Excessive inflammatory responses can be horribly destructive. Unsurprisingly, therefore, immune responses are dampened down and fine-tuned in a multitude of ways to minimize their damaging effects. Four articles in this issue provide examples of such immune regulation on four different levels.

Wolfgang Junger (page 201) explains that cells take it upon themselves to control their behaviour to extracellular cues through autocrine feedback loops involving purinergic receptors. ATP or adenosine released by immune cells following stimulation feeds back on the cells through activating or suppressive purinergic receptors that fine-tune cell functions and activation.

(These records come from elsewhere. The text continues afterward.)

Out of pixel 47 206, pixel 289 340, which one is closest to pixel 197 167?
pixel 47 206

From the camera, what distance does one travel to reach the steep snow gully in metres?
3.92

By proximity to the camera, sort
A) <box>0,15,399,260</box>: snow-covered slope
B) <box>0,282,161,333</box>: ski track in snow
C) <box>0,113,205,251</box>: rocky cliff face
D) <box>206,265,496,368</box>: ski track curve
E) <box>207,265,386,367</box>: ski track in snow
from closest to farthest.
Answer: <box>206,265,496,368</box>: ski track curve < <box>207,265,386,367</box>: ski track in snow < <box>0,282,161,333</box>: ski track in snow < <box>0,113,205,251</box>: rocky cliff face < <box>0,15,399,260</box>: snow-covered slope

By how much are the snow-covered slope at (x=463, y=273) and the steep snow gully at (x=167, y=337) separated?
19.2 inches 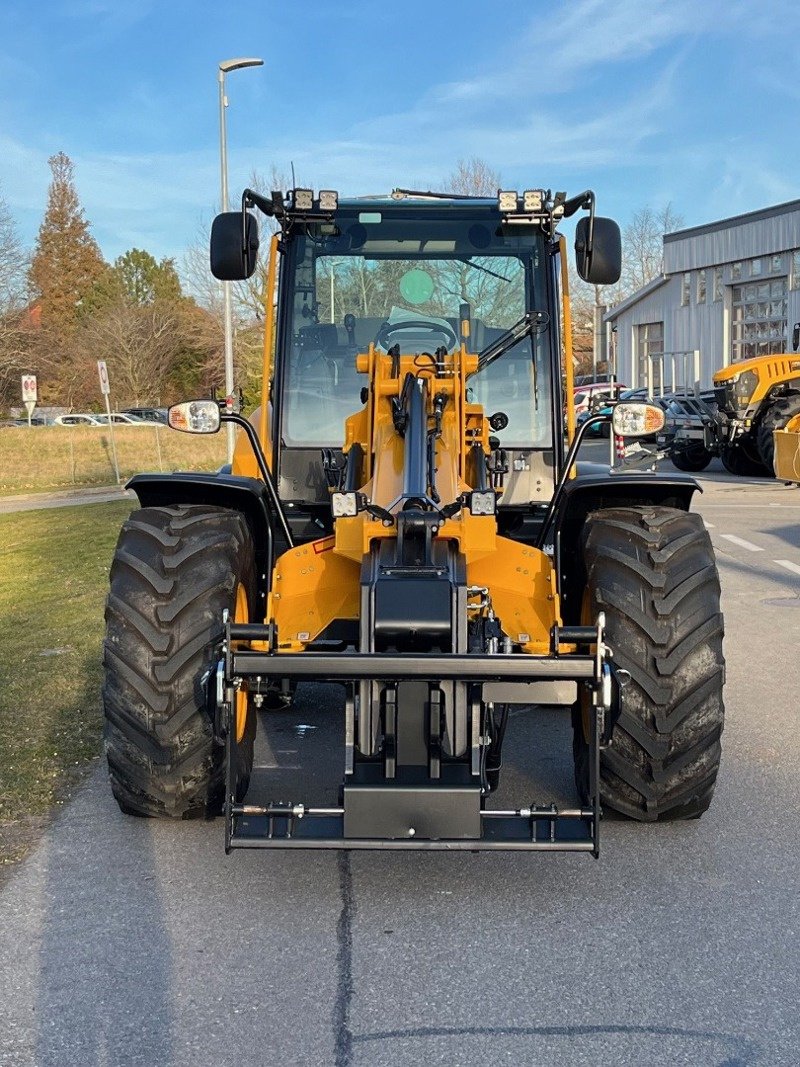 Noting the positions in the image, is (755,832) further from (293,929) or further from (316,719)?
(316,719)

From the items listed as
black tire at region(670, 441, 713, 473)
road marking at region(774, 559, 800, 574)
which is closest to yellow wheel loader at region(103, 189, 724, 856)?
road marking at region(774, 559, 800, 574)

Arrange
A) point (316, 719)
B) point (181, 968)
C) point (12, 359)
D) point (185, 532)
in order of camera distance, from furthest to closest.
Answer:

Luke O'Neill and colleagues (page 163) suggest that microRNAs acting on mRNAs may be as important as transcription factors in controlling the protein content of a cell and therefore in regulating cell responses. They focus on the roles of microRNAs in the regulation of Toll-like receptor signalling and during the switch from a pro-inflammatory response to the resolution of inflammation.

A fine balance between protective immunity and inflammatory pathology is also achieved through synergistic and antagonistic signalling crosstalk between innate immune receptors. The Review on page 187 illustrates how pathogens can undermine this fine-tuning for their benefit through various mechanisms; for example, by co-opting inhibitory receptors, inducing immunosuppressive mediators, promoting safe pathogen uptake and disrupting cooperative receptor interactions involved in host protection.

Finally, in an Essay on page 221, Polly Matzinger and Tirumalai Kamala propose that immune responses are regulated at the level of the tissues in which an insult occurs. They suggest that tissue cells are responsible for tailoring the effector class of an immune response to suit the tissue, thereby protecting it from the destructive consequences of inflammatory responses.